Give back exactly the lines of the material below that start at the line containing "Multiracial professional industry" and end at the line containing "Back pose of young doctor pointing back side", and no others.
--- Extracted records Enclosed Below ---
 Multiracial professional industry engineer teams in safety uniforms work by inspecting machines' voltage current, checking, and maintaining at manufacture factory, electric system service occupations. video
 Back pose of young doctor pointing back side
--- End of Enclosed Extracted records ---
--- Extracted records Enclosed Below ---
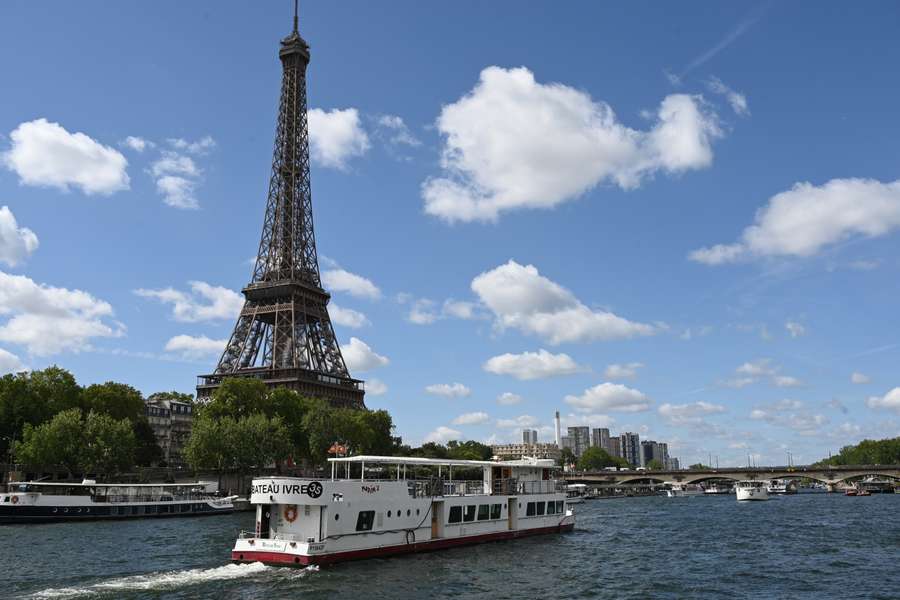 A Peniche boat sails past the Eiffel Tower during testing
--- End of Enclosed Extracted records ---
> _Solution to this problem_
 Multiracial professional industry engineer teams in safety uniforms work by inspecting machines' voltage current, checking, and maintaining at manufacture factory, electric system service occupations. video
 Back pose of young doctor pointing back side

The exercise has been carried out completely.